Organfreak, I like your take on the Trimmable Horizontal Stabiliser.
X-1.
Organfreak, I like your take on the Trimmable Horizontal Stabiliser.
Hello OK465;
No, the design would not permit this.
The THS can be moved any time using the mechanical system, controlled by the two trim wheels on either side of the thrust lever quadrant.
The THS will not move under electronic control (sidestick or AFS request) unless commanded by the FCPCs. When the THS reaches the FCPC-commanded position the electronic control stops the hydraulic motor.
Operation/Control and Indicating
There are three control modes for the THS:
- autoflight (electrical control)
- manual (electrical control)
- standby (mechanical control)
In the autoflight mode the command signals from the autopilot are sent to the FCPCs. The FCPCs transmit autotrim signals to the electric motors which control the THS actuator.

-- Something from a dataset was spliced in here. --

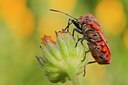 BUITEN BEELD Foto: 128448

In the manual mode the command signals from the side sticks are sent to the FCPCs. The FCPCs transmit autotrim signals to the electric motors which control the THS actuator.
In the standby mode the command signals are transmitted mechanically from the control wheels to the override mechanism. The override mechanism cancels the autotrim signals from the FCPCs. It transmits the mechanical command signals directly to the hydraulic motors of the THS actuator. Maximum Operating Load and Associated Maximum Speed (one motor):
18940 daN (42578.81 lbf) 0.2⁰ per second
16950 daN (38105.11 lbf) 0.5⁰ per second
6770 daN (15219.56 lbf) 0.6⁰ per second
Multiply the values by two for two-motor operation
Maximum operating speed is limited by the PTA in the electrical mode to 1 degree per second.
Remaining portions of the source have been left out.